An identifier whose declaration is located outside any block or
function parameter list has file scope. An identifier
with file scope is visible from the declaration of the identifier
to the end of the compilation unit, unless hidden by an inner
block declaration. In the following example, the identifier
off
has file scope:
int off = 5; /* Declares (and defines) the integer identifier off. */ main () { int on; /* Declares the integer identifier on. */ on = off + 1; /* Uses off, declared outside the function block of main. This point of the program is still within the active scope of off. */ if (on<=100) { int off = 0;/* This declaration of off creates a new object that hides the former object of the same name. The scope of the new off lasts through the end of the if block. */ off = off + on; return off; } }
An identifier appearing within a block or in a parameter list of a function definition has block scope and is visible within the block, unless hidden by an inner block declaration.
Block scope begins at the identifier declaration and ends at
the closing brace (}) completing the block. In the following
example, the identifier red
has block scope and
blue
has file scope:
int blue = 5; /* blue: file scope */ main () { int x = 0 , y = 0; /* x and y: block scope */ int red = 10; /* red: block scope */ x = red + blue; }
Only statement labels have function scope (see Chapter 7). An identifier with function scope
is unique throughout the function in which it is declared. Labeled
statements are used as targets for goto
statements and
are implicitly declared by their syntax, which is the label followed
by a colon (:) and a statement. For example:
int func1(int x, int y, int z) { label: x += (y + z); /* label has function scope */ if (x > 1) goto label; } int func2(int a, int b, int c) { if (a > 1) goto label; /* illegal jump to undefined label */ }
See Section 7.1 for more information on statement labels.

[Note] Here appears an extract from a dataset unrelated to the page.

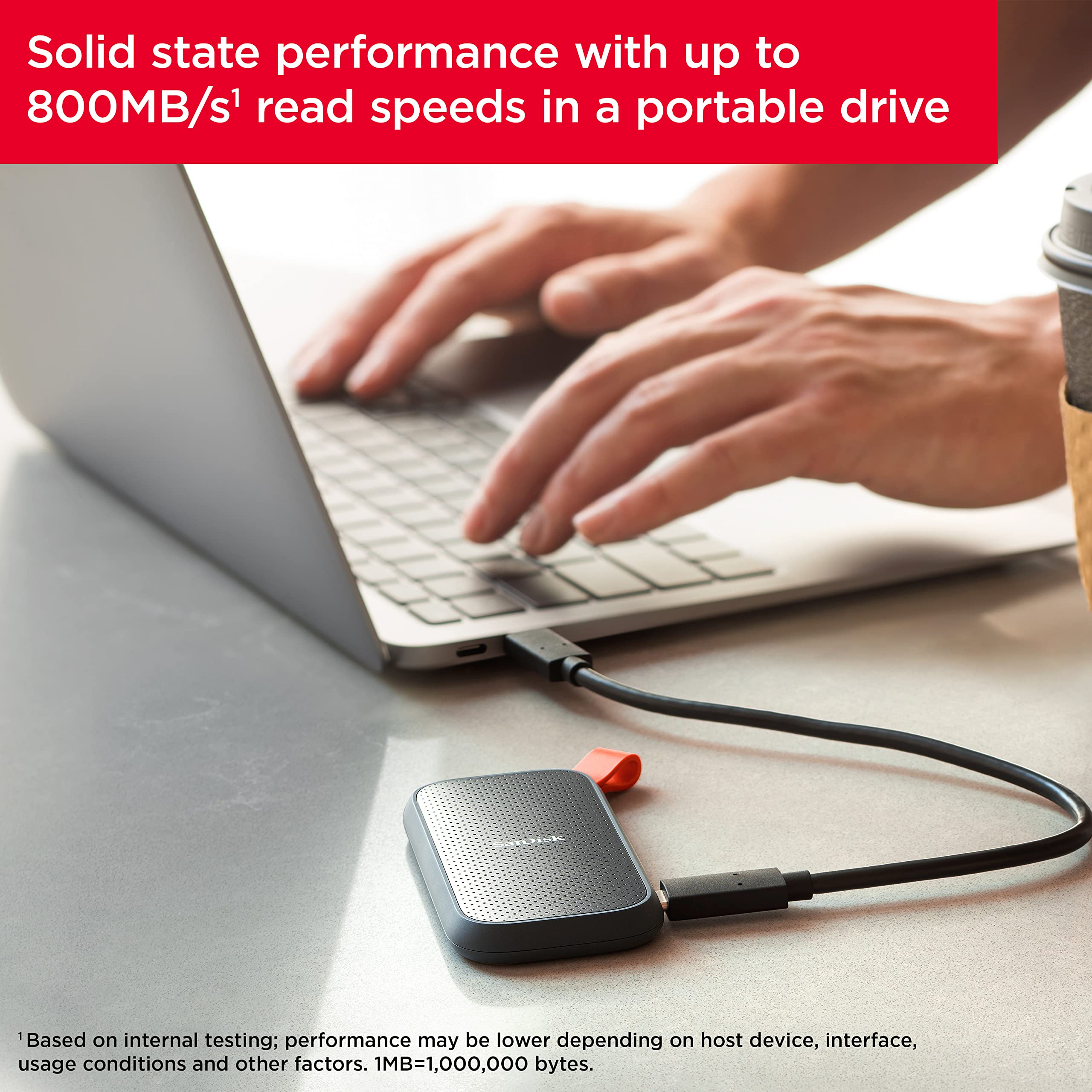 SANDISK 4TB Extreme Portable SSD New Model - Image 2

An identifier that appears within a function prototype's list of parameter declarations has function prototype scope. The scope of such an identifier begins at the identifier's declaration and terminates at the end of the function prototype declaration list. For example:
int students ( int david, int susan, int mary, int john );
In this example, the identifiers (david, susan, mary
,
and john
) have scope beginning at their declarations
and ending at the closing parenthesis. The type of the function
students
is "function returning int
with
four int
parameters." In effect, these identifiers are
merely placeholders for the actual parameter names to be used after
the function is defined.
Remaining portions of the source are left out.